• ACTIVITY: Word for word, repeat the data that follows. Do not include the pictures.

Segment Start: RECORDED DATA

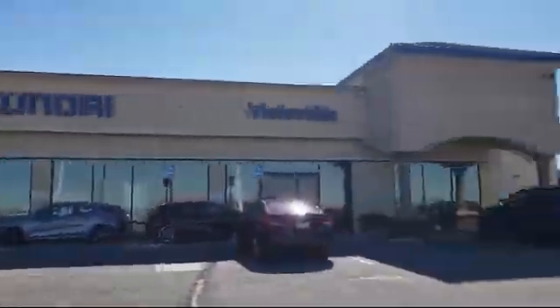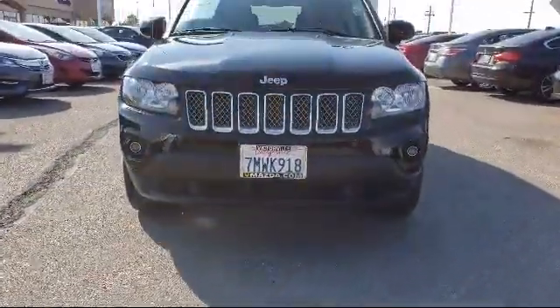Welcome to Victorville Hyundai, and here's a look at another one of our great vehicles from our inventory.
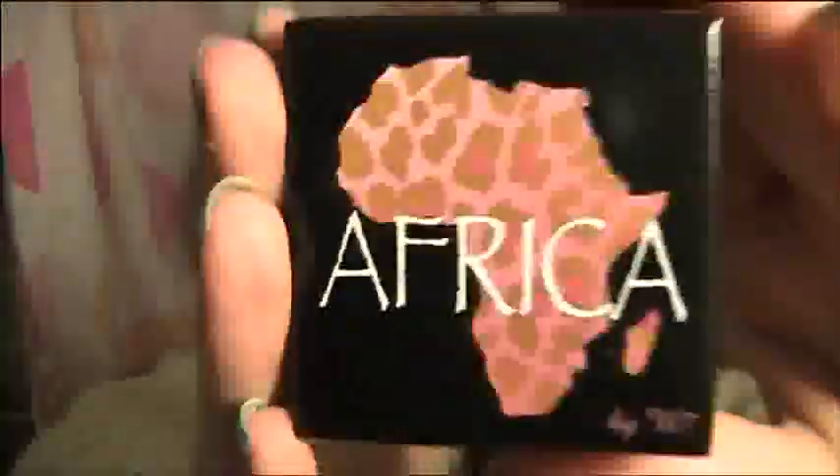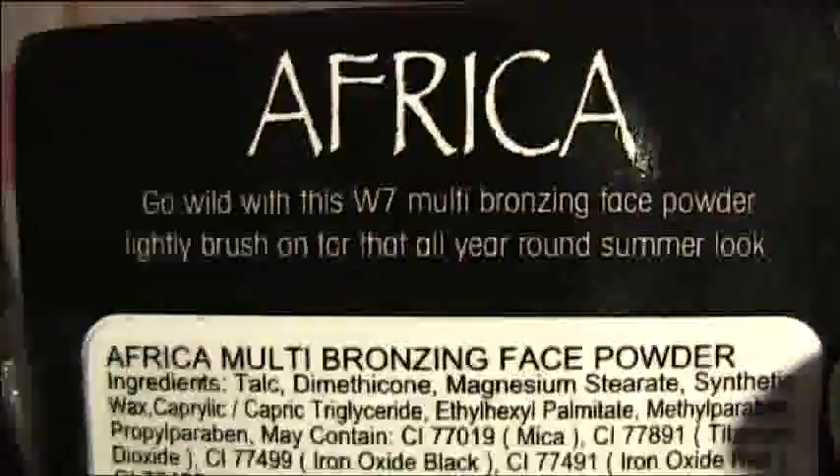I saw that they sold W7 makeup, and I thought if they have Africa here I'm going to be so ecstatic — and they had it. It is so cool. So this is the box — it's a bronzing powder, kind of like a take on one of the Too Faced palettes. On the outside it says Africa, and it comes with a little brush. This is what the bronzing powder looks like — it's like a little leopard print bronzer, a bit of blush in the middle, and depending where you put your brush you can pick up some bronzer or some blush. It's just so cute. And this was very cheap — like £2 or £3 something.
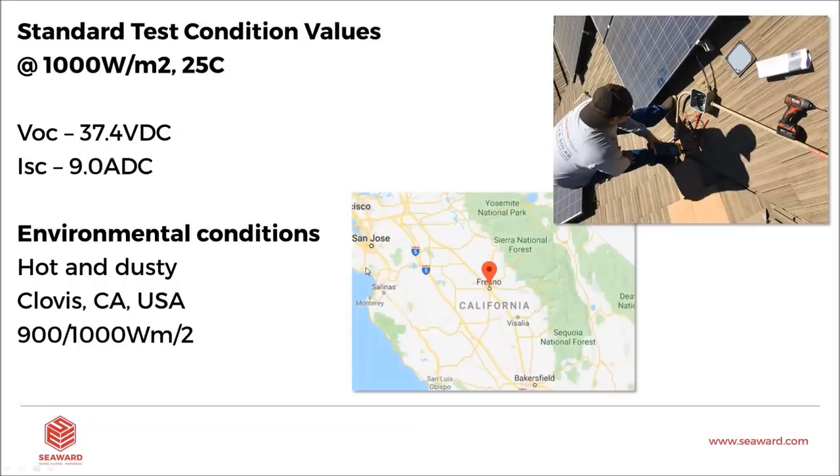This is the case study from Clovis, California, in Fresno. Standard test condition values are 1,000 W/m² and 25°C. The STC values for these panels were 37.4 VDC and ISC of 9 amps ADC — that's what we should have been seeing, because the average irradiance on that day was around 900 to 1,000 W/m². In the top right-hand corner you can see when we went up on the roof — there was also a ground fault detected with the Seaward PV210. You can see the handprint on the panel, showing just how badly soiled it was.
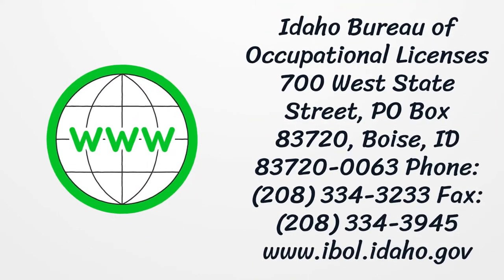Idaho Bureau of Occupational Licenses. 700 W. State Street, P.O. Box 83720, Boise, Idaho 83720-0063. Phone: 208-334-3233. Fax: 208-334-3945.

Segment End: RECORDED DATA

• EXERCISE RESPONSE:
Welcome to Victorville Hyundai, and here's a look at another one of our great vehicles from our inventory.
I saw that they sold W7 makeup, and I thought if they have Africa here I'm going to be so ecstatic — and they had it. It is so cool. So this is the box — it's a bronzing powder, kind of like a take on one of the Too Faced palettes. On the outside it says Africa, and it comes with a little brush. This is what the bronzing powder looks like — it's like a little leopard print bronzer, a bit of blush in the middle, and depending where you put your brush you can pick up some bronzer or some blush. It's just so cute. And this was very cheap — like £2 or £3 something.
This is the case study from Clovis, California, in Fresno. Standard test condition values are 1,000 W/m² and 25°C. The STC values for these panels were 37.4 VDC and ISC of 9 amps ADC — that's what we should have been seeing, because the average irradiance on that day was around 900 to 1,000 W/m². In the top right-hand corner you can see when we went up on the roof — there was also a ground fault detected with the Seaward PV210. You can see the handprint on the panel, showing just how badly soiled it was.
Idaho Bureau of Occupational Licenses. 700 W. State Street, P.O. Box 83720, Boise, Idaho 83720-0063. Phone: 208-334-3233. Fax: 208-334-3945.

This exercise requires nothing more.